Fyctia
On ne joue plus.
Je descends les marches d’escalier quatre à quatre, j’arrive à la hauteur de Karl qui discute avec quelques personnes du cru. Je lui tape sur l’épaule, il se retourne et je vois là, le plus beau, le plus lumineux sourire de ma vie. Les autres hommes me dévorent de leurs yeux lubriques.
— Tiens donc ! Rachel. Messieurs, vous connaissez mon équipière ? Inspectrice Rachel Benvenuti.
— Bonjour Messieurs.
Et tous de concert.
— Bonjour Madame.
— Rachel, tu ne connais pas Monsieur Louvain ? C’est le…
— …Maire de cette ville, oui, je sais et que nous vaut votre présence en cette heure Monsieur le Maire ?
— Oh, mais tous les jours à cette heure je viens me mélanger avec mes compatriotes et discuter de tout et de rien, surtout que la ville a lancé de nombreux projets de construction.
— Vous êtes au courant Monsieur le Maire que nous enquêtons sur les disparitions des six jeunes femmes de votre commune ?
L’atmosphère se rafraîchit, il y a de l’orage dans l’air, le Maire cesse de rire et me fixe intensément, puis il se reprend.

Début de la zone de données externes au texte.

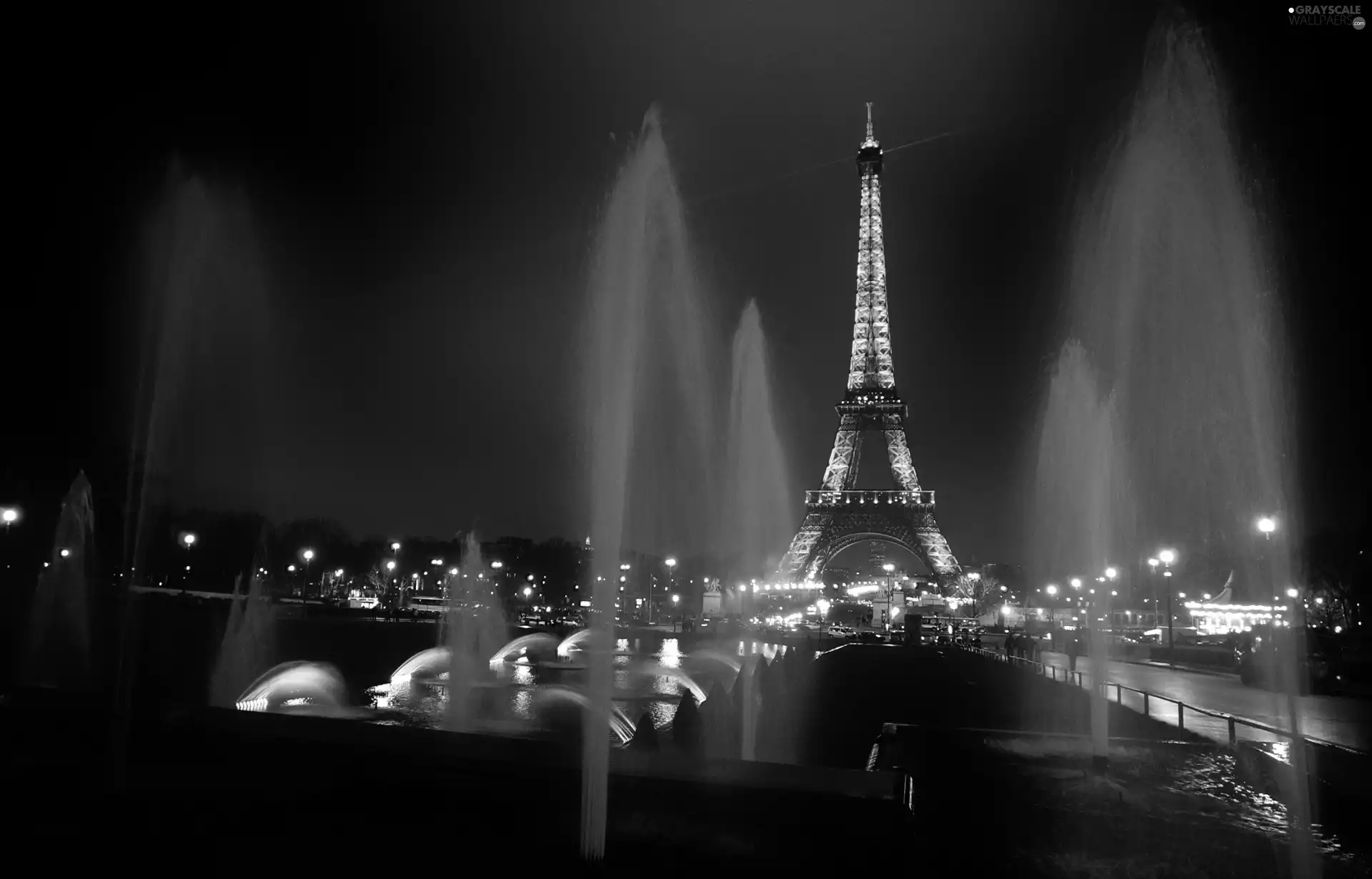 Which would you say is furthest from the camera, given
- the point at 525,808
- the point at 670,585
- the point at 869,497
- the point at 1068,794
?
the point at 670,585

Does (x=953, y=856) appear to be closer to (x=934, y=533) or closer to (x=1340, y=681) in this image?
(x=1340, y=681)

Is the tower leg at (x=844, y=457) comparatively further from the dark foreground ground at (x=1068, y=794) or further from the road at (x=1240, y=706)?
the dark foreground ground at (x=1068, y=794)

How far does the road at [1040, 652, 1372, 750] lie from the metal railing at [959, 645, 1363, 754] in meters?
0.20

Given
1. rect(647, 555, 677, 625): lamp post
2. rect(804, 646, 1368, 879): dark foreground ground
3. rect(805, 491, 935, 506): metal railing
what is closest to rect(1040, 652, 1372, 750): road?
rect(804, 646, 1368, 879): dark foreground ground

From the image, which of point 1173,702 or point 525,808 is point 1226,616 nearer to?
point 1173,702

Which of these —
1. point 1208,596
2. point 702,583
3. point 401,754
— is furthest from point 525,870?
point 702,583

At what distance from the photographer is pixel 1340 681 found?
83.5ft

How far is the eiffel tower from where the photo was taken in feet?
289

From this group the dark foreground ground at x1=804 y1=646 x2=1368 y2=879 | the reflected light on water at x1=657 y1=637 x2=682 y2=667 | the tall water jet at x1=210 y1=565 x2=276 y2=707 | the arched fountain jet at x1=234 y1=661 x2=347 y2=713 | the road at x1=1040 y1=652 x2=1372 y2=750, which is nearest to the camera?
the dark foreground ground at x1=804 y1=646 x2=1368 y2=879

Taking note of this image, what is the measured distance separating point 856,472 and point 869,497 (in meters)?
4.46

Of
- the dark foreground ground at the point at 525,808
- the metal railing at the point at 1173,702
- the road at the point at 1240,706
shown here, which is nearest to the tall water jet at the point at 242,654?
the dark foreground ground at the point at 525,808

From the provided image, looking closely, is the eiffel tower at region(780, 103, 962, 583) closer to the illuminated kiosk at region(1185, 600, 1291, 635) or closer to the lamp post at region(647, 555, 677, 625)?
the lamp post at region(647, 555, 677, 625)

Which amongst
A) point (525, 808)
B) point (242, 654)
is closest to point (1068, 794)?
point (525, 808)

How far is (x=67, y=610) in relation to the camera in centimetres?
3244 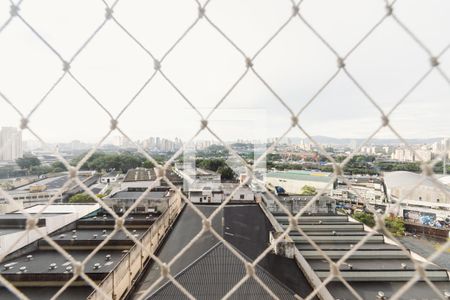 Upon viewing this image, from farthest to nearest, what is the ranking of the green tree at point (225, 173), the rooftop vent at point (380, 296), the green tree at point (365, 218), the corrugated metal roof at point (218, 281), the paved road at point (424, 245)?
the green tree at point (225, 173)
the green tree at point (365, 218)
the paved road at point (424, 245)
the rooftop vent at point (380, 296)
the corrugated metal roof at point (218, 281)

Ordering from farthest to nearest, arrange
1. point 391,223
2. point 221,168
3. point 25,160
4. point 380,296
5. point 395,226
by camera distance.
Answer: point 221,168
point 391,223
point 395,226
point 380,296
point 25,160

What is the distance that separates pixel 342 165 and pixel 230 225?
419 cm

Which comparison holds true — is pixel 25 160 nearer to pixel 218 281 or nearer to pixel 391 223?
pixel 218 281

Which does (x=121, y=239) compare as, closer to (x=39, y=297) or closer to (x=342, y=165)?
(x=39, y=297)

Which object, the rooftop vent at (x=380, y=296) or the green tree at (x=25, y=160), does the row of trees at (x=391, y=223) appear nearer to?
the rooftop vent at (x=380, y=296)

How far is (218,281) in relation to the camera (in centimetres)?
244

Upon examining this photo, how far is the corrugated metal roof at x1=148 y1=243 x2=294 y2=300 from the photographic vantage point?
2.25 metres

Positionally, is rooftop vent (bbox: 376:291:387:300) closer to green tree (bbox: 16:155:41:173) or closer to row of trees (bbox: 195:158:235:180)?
green tree (bbox: 16:155:41:173)

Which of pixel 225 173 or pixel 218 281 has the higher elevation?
pixel 225 173

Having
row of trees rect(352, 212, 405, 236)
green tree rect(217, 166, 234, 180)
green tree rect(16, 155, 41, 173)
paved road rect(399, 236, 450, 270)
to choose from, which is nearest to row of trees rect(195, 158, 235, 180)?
green tree rect(217, 166, 234, 180)

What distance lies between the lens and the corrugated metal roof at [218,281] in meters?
2.25

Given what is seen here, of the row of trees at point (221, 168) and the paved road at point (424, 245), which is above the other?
the row of trees at point (221, 168)

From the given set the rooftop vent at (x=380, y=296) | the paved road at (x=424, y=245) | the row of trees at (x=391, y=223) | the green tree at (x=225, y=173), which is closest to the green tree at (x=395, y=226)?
the row of trees at (x=391, y=223)

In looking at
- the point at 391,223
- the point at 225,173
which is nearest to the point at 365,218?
the point at 391,223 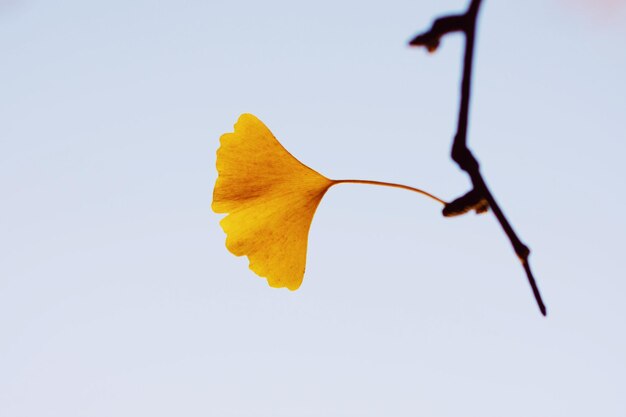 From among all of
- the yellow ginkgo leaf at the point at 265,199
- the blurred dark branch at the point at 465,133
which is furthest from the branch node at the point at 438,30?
the yellow ginkgo leaf at the point at 265,199

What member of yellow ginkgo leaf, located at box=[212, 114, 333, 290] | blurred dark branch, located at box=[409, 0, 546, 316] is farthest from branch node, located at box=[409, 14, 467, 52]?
yellow ginkgo leaf, located at box=[212, 114, 333, 290]

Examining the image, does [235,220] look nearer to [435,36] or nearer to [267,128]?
[267,128]

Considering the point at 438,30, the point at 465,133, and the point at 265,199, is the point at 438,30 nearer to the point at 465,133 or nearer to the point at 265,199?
the point at 465,133

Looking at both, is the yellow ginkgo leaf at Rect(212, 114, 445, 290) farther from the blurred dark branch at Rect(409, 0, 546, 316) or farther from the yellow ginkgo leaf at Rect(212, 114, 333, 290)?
the blurred dark branch at Rect(409, 0, 546, 316)

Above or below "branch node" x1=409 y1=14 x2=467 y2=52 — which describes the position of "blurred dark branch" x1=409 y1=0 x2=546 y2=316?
below

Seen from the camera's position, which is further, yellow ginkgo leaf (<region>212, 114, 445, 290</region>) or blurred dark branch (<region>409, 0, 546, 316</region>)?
yellow ginkgo leaf (<region>212, 114, 445, 290</region>)

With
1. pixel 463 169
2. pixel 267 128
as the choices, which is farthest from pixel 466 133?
pixel 267 128

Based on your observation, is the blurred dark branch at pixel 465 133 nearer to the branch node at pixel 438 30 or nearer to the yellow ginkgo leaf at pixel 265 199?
the branch node at pixel 438 30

Il accroche à nouveau un sourire à son visage ingrat troué par des séquelles de varicelle.
— Je suis au courant, le commandant Dufour m’en avait fait part depuis la première disparition figurez-vous. Pensez, si un maire n’est pas informé de ce qui se passe chez ses concitoyens alors où va-t-on !
— Oui où va-t-on ? Je vous le demande, Monsieur le Maire.
— Eh bien oui naturellement Mademoiselle.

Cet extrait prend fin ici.